Dukung Tempe Goes To UNESCO, Bawa Tempe Jadi Warisan Budaya Tak Benda

JAKARTA – Tagar #TempeGoesToUNESCO mulai ramai di tengah masyarakat untuk memberikan dukungan menjadikan tempe sebagai Warisan Budaya Tak Benda, Sabtu, (19/2).

Hal ini berdasarkan Lokakarya Pengusulan ICH UNESCO pada 15-16 Februari lalu, saat tim penilai memberikan rekomendasi usulan Tempe menjadi salah satu Warisan Budaya Tak Benda (WBTB) Indonesia untuk masuk ke dalam daftar ICH-UNESCO.

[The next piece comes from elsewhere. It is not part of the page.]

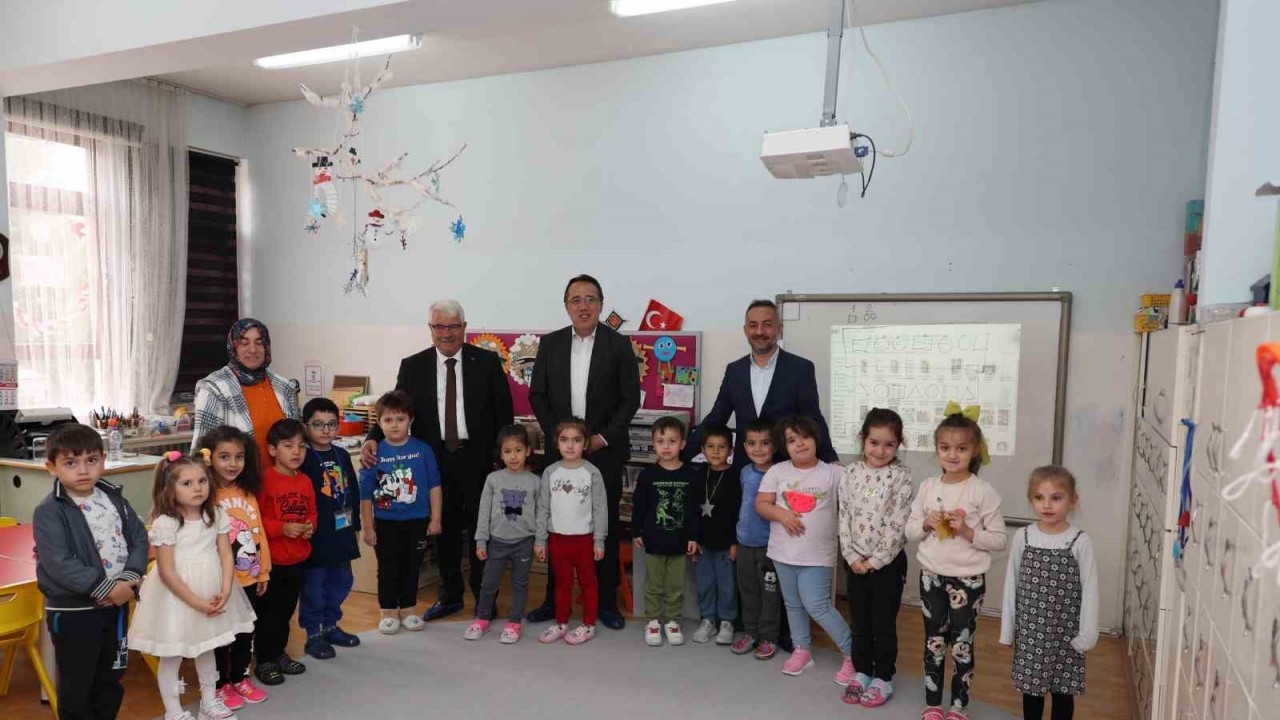 Başkan Savran ilkokul öğrencilerinin açtığı sergiyi gezdi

Dikatakan Ari Handoko, salah seorang dari tim pengusul bahwa pihaknya sudah mendapat kabar bahwa usulan mereka yakni tempe berada di urutan nomor satu.

“Kemarin kita dapat kabar sudah ada dari tim penilai yang memberikan usulan tempe sebagai nominator WBTB dengan urutan pertama yang diusulkan,” ucapnya.

Ari yang juga aktif sebagai penggerak pembuatan tempe di Pesantren ini mengaku optimis bahwa tempe bisa berhasil memenangkan kategori itu.

“Harus optimis ya, biasa untuk urutan yang pertama itu yang berhasil memenangkannya. Biar tempe bisa terangkat di mata dunia, kita pun dari Indonesia bangga,” ucap Ari.

Ari bersama empat rekan lainnya yakni Khoirul Anwar, Prof Made Astawan (Forum Tempe Indonesia), Nurhayati Nirmalasari (Pengrajin Tempe At Tempe), dan Aip Syarifudin (GAKOPTINDO) sampai saat ini tinggal menunggu hasil.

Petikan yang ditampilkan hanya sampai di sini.